The evaluation of the sensor fusion algorithm is based on Monte-Carlo simulations given a scenario with three UAV-born sensors over a single ground target, as shown in
Figure 10. To evaluate the robustness against navigation errors, the true sensor position and orientation are perturbed by band limited Gaussian processes. The bandwidth of the perturbation is selected to 1/100 Hz. Regarding the orientation, the major perturbation is on the yaw angle, while the pitch and yaw receive only a tenth of the variation. This reflects the assumption, that the yaw is more difficult to determine than the vertical axis, which can be given by a rather simple inclinometer or g-sensor.
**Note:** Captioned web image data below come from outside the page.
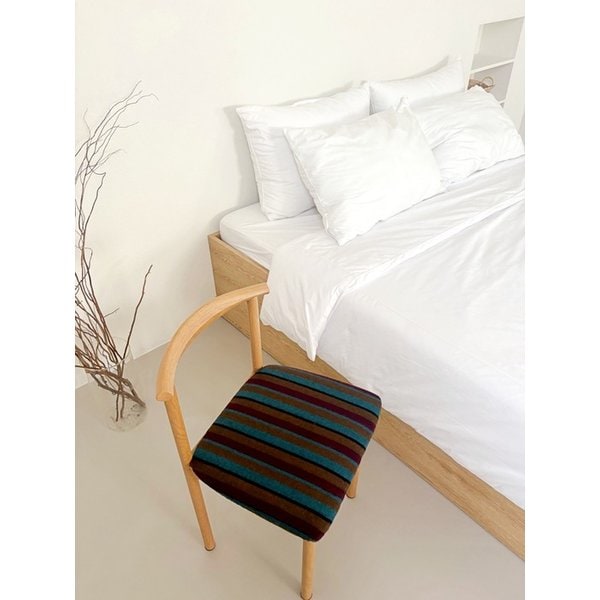 stripe backrest chair (purple)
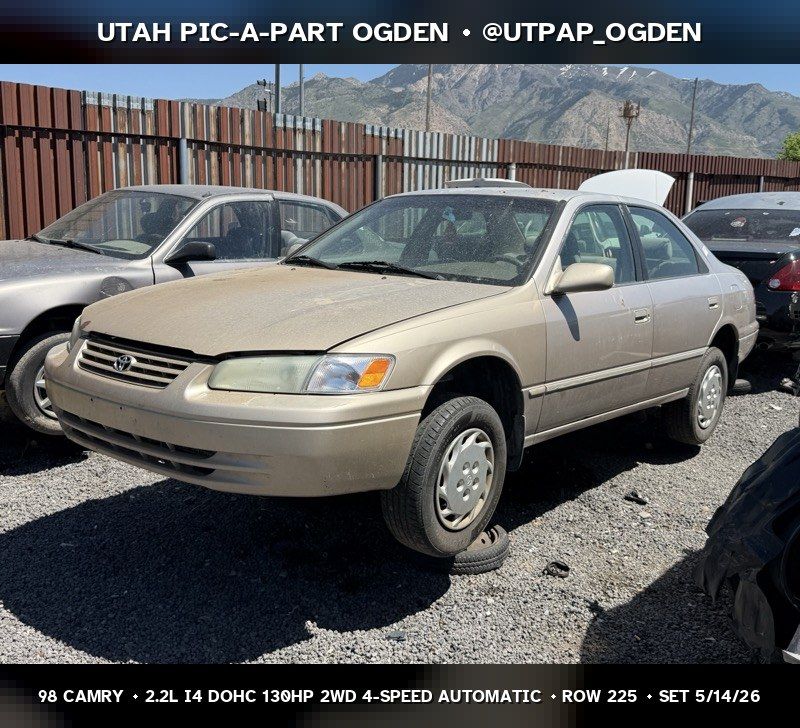 1998 Toyota Camry Parts - UTPAP Ogden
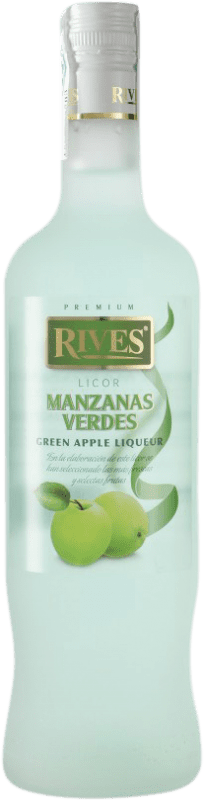 12,95 € Envío gratis | Licores Rives Manzana Verde Andalucía España Botella 70 cl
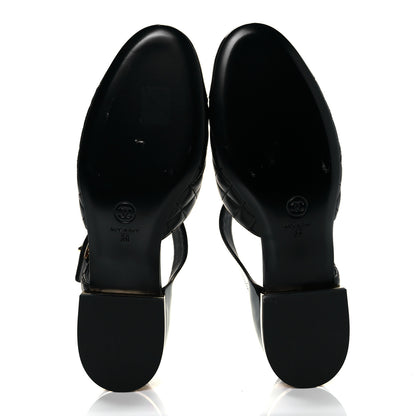 Chanel Patent Lambskin Quilted Cap Toe Ballerina Flats 39 Black 5 of 9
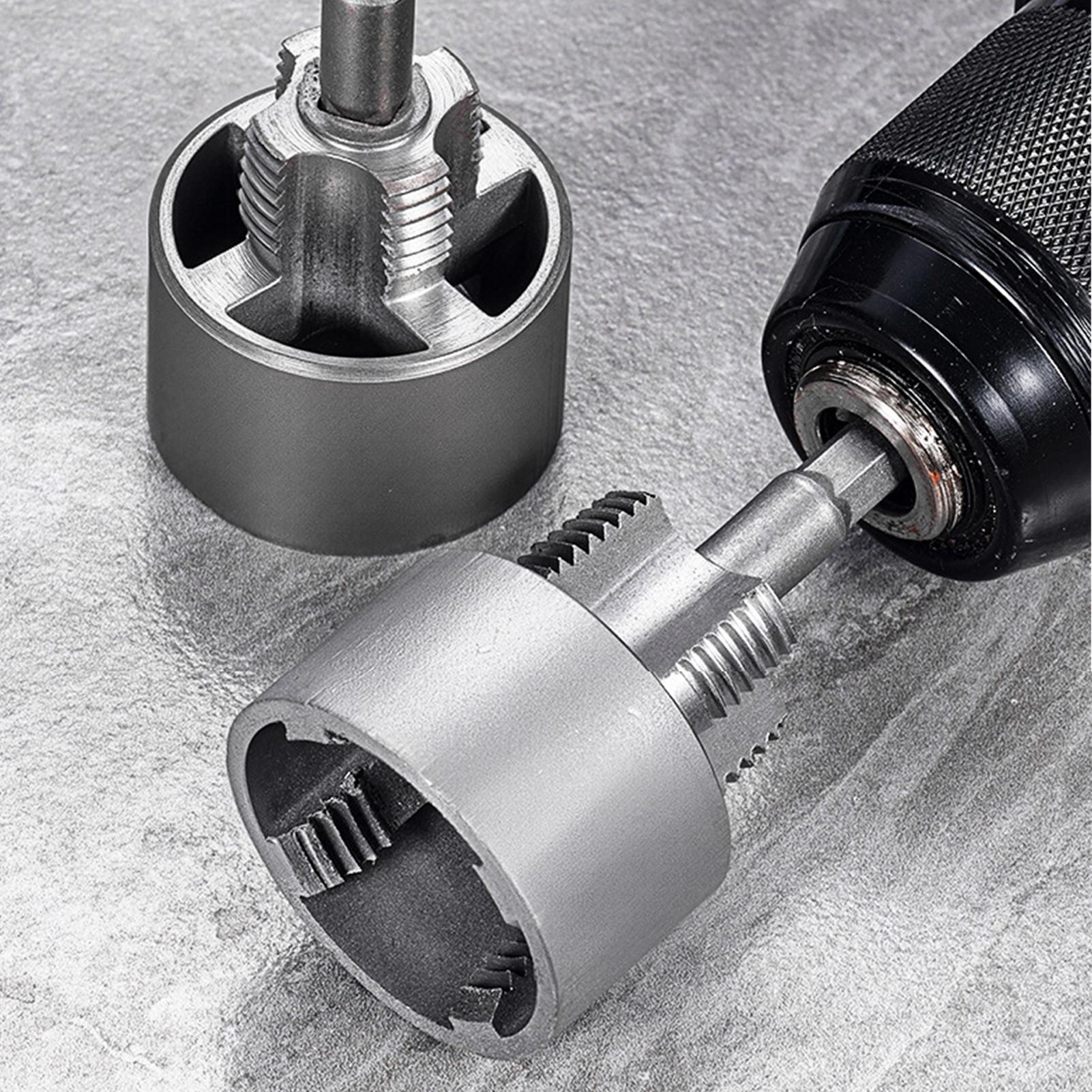 

ПВХ Резьбонарезчик Инструмент для нарезания резьбы на ПВХ трубах Для домашнего ремонта Многофункциональный Эргономичный Сантехнические аксессуары Для бытового ремонта CHINA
An ordinary magnetic compass, on the other hand, would be susceptible for spurious magnetic fields from power lines and iron masses and would also depend on local magnetic declination. Regarding the position, the perturbations for the east, north, and up components are independent and equally distributed. In the simulation, the ground target is moving at different speeds 3–8 km/h and is occasionally standing still at the station points. Three air borne sensors are trained at the ground target, of which two exhibit an (almost) perpendicular linear motion, and the third a circular motion. The sensor levels are 25–30 m above ground. The sensors continuously travel back and forth along their preferred trajectories with speed up to 10 km/h. No occlusion occurs in this scenario. However, the knowledge (certainty) of sensor positions and/or orientations is assumed to be limited. The simulation time is 185 s and the sampling frequency is 10 Hz. The primary evaluation criterion is the tracking root mean square error distance, RMSE.
Figure 11,
Figure 12,
Figure 13 and
Figure 14 show a single realization with and without collaborative positioning. Here, only the sensor orientation is perturbed with the realization illustrated in
Figure 11, that is, σ
yaw = 4° (standard deviation). The target tracking simulation outcome is presented in
Figure 12 (without collaborative positioning) and in
Figure 13 (with collaborative positioning.) Without collaborative positioning, to start with, the tracking error is on average RMSE-j = 1.2 m, but can apparently exceed 5 m, occasionally. Indeed, with collaborative positioning the error is significantly reduced, RMSE-j = 0.5 m, and the estimate follows the ground truth curve. For clarity it should be mentioned, that the RMSE is computed in three dimensions, while the vertical error is transparent in
Figure 13 and
Figure 14. Collaborative positioning with yaw compensation allows larger orientation errors, but it has not always positive effect in the presence of position errors. Target tracking from a swarm of UAVs and UGVs requires that the platforms are fitted with suitable and well-calibrated sensors and that they have navigation ability to determine the position and orientation of the sensors with some accuracy. The tracking performance deteriorates quickly with increased navigation error. In the example scenario with three UAVs and a single ground target, the average yaw error must not exceed 4.5° and the average position error must fall below 0.4 m to meet an example requirement on tracking RMSE < 1 m. If the navigation units carry inertial measurement units, it can be assumed that the navigation error varies slowly, compared with platform and target movements. Then, techniques for collaborative positioning can be used to mitigate the effects of navigation errors, which in turn can reduce overall cost and weight on navigation solutions. In the example scenario it was demonstrated that collaborative positioning in the form of yaw error compensation reduced the susceptibility for orientation error by almost 50%. It was also observed that yaw compensation alone can increase the sensitivity for position error, so future investigations of combined yaw and position error compensation are indeed warranted. In the swarm demonstration phase, practical test results with real time swarm-based tracking, based on the algorithm presented in this section will be presented, using real data from a swarm of unmanned aerial and ground vehicles.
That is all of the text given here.